Friday's (Nov. 1) arrival of Erin Enderlin's new full-length album, Faulkner County, continues a run of dream-come-true experiences for the co-writer behind Alan Jackson’s “Monday Morning Church,” Lee Ann Womack’s “Last Call” and other memorable story-songs cut by Nashville stars. This creative trek goes back well before this year’s series of four EPs, and even before Enderlin’s ongoing, 19-year stay in Nashville. It begins, rather, in the early years of a childhood spent in Conway, Ark.

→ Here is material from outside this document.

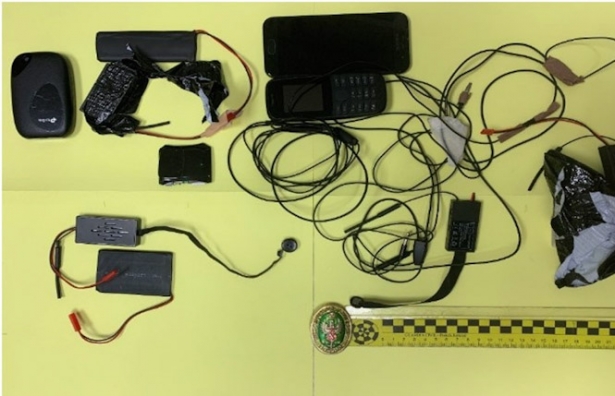 Dispositivos electrónicos usados para copiar en exámenes teóricos del carné de conducir (GUARDIA CIVIL)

“I grew up listening to all the great writers and singers,” Enderlin told the crowd during a recent album listening party attended by The Boot. “By the time I was five, I refused to rent normal children’s videos. My two go-tos were a K.T. Oslin collection of videos and The Patsy Cline Story.”

Half a lifetime after Enderlin started ignoring Disney movies in white clamshell cases in favor of performing arts videos, another faded medium — country music magazines — inspired her future career. “When I was 10, I read an article with Reba [McEntire], that she was talking about her mom encouraging her to find her own voice and her own way of singing,” Enderlin recounts.

“I thought, ‘If I wrote my own songs, then I’d have to figure out how to sing them differently,'" she adds. "So then I started thrilling my fellow fourth graders with songs I’d written, including "Alone Again," which was about a child who was alone every night because his parents were crack addicts, and a song about the destruction of the environment.”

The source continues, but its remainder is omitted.